Given information:
________
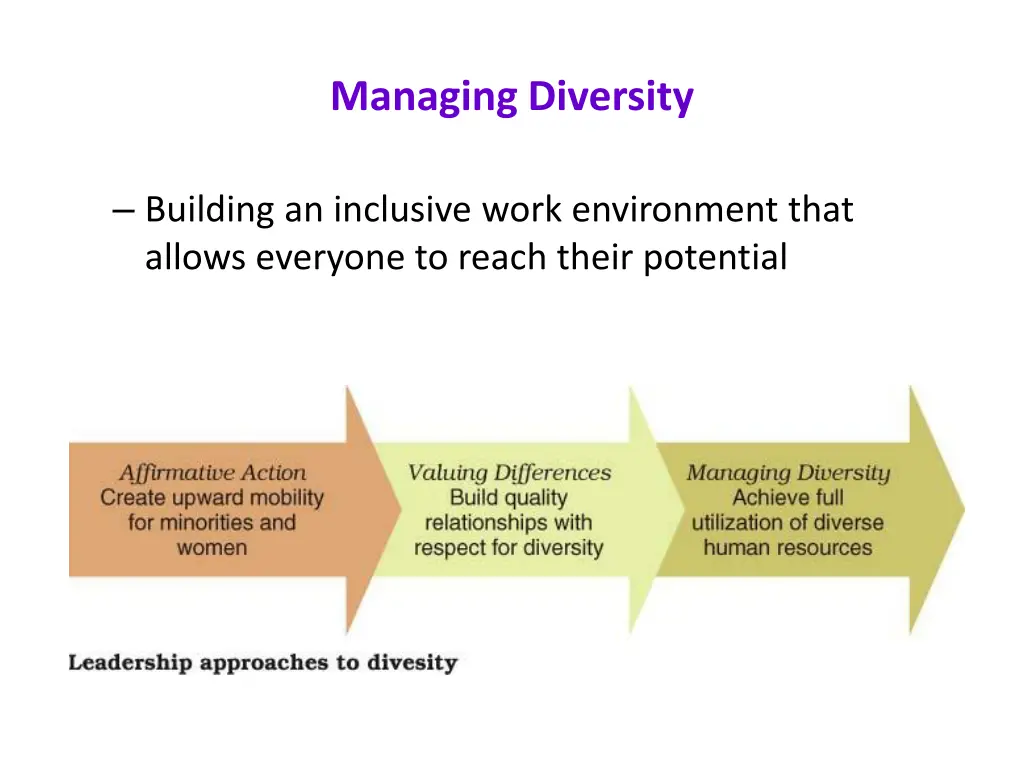 managing diversity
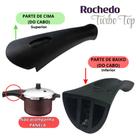Kit Cabo Do Corpo e Tampa Panela De Pressão Rochedo Turbo Top 4,5Litros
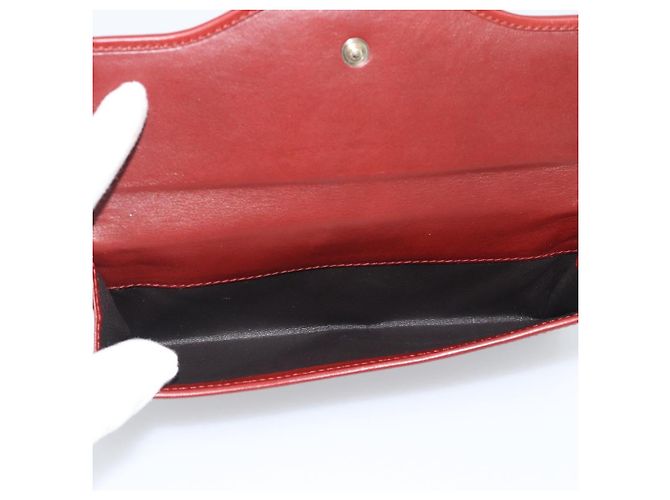 Cartera larga GUCCI GG Canvas Guccissima Roja 282426 Auth 196044A - vista 13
________
Task objective: Reproduce the listing exactly, but omit every picture in it.

Exercise output:
 managing diversity
Kit Cabo Do Corpo e Tampa Panela De Pressão Rochedo Turbo Top 4,5Litros
 Cartera larga GUCCI GG Canvas Guccissima Roja 282426 Auth 196044A - vista 13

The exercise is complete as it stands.